The underwater search zone is currently a 1,300-square-kilometer (500-square-mile) patch of the ocean floor, and narrowing the area as much as possible is crucial before an unmanned submarine can be sent to create a sonar map of a potential debris field on the seabed.

The Bluefin 21 sub takes six times longer to cover the same area as the pinger locator being towed by the Ocean Shield, and would take six weeks to two months to canvass the current underwater search zone. That's why the acoustic equipment is still being used to get a more precise location, U.S. Navy Capt. Mark Matthews said.

The search for floating debris on the ocean surface was narrowed Thursday to its smallest size yet — 57,900 square kilometers (22,300 square miles), or about one-quarter the size it was a few days ago. Fourteen planes and 13 ships were looking for floating debris, about 2,300 kilometers (1,400 miles) northwest of Perth.

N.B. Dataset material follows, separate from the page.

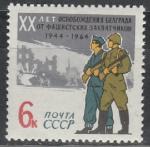 СССР 1964 год, 20 лет Освобождения Белграда, 1 марка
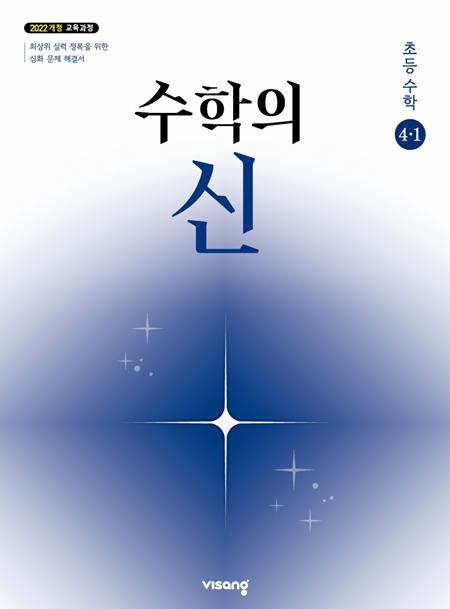 교재이미지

Crews hunting for debris on the surface have already looked in the area they were crisscrossing on Thursday, but were moving in tighter patterns, now that the search zone has been narrowed to about a quarter the size it was a few days ago, Houston said.

Houston has expressed optimism about the sounds detected earlier in the week, saying on Wednesday that he was hopeful crews would find the aircraft — or what's left of it — in the "not-too-distant future."

Separately, a Malaysian government official said Thursday evening that investigators have concluded the pilot spoke the last words to air traffic control, "Good night, Malaysian three-seven-zero," and that his voice had no signs of duress. A re-examination of the last communication from the cockpit was initiated after authorities last week reversed their initial statement that the co-pilot was speaking different words.

The senior government official spoke on condition of anonymity because he wasn't authorized to speak to the media. The conclusion was first reported by CNN.

Investigators suspect the plane went down in the southern Indian Ocean based on a flight path calculated from its contacts with a satellite and analysis of its speed and fuel capacity, but the content of the flight data and cockpit voice recorders is essential to solving the mysteries of why the plane was lost.

The search for the black boxes is increasingly urgent because their locator beacons have batteries that last about a month and may fail soon.

An Australian government briefing document circulated among international agencies involved in the search on Thursday said the acoustic pingers likely would continue to transmit at decreasing strength for up to 10 more days, depending on conditions.

Once there is no hope left of the Ocean Shield hearing more sounds, the Bluefin sub will be deployed.

Complicating matters, however, is the depth of the seafloor in the search area. The pings detected earlier are emanating from 4,500 meters (14,763 feet) below the surface — which is the deepest the Bluefin can dive.

"It'll be pretty close to its operating limit. It's got a safety margin of error and if they think it's warranted, then they push it a little bit," said Stefan Williams, a professor of marine robotics at Sydney University.

The search coordination center said it was considering options in case a deeper diving sub is needed. But Williams suspects if that happens, the search will be delayed while an underwater vehicle rated to 6,000 meters (19,700 feet) is dismantled and air freighted from Europe, the U.S. or Japan.

Williams said colleagues at the Woods Hole Oceanographic Institution in Massachusetts had autonomous and remotely operated underwater vehicles that will dive to 11 kilometers (36,100 feet), although they might not be equipped for such a search.

Underwater vessels rated to 6,500 meters (21,300 feet) could search the seabed of more than 90 percent of the world's oceans, Williams said.

"There's not that much of it deeper than 6 1/2 kilometers," he said.

Williams said it was unlikely that the wreck had fallen into the narrow Diamantina trench, which is about 5,800 meters (19,000 feet) deep, since sounds emanating from that depth would probably not have been detected by the pinger locator.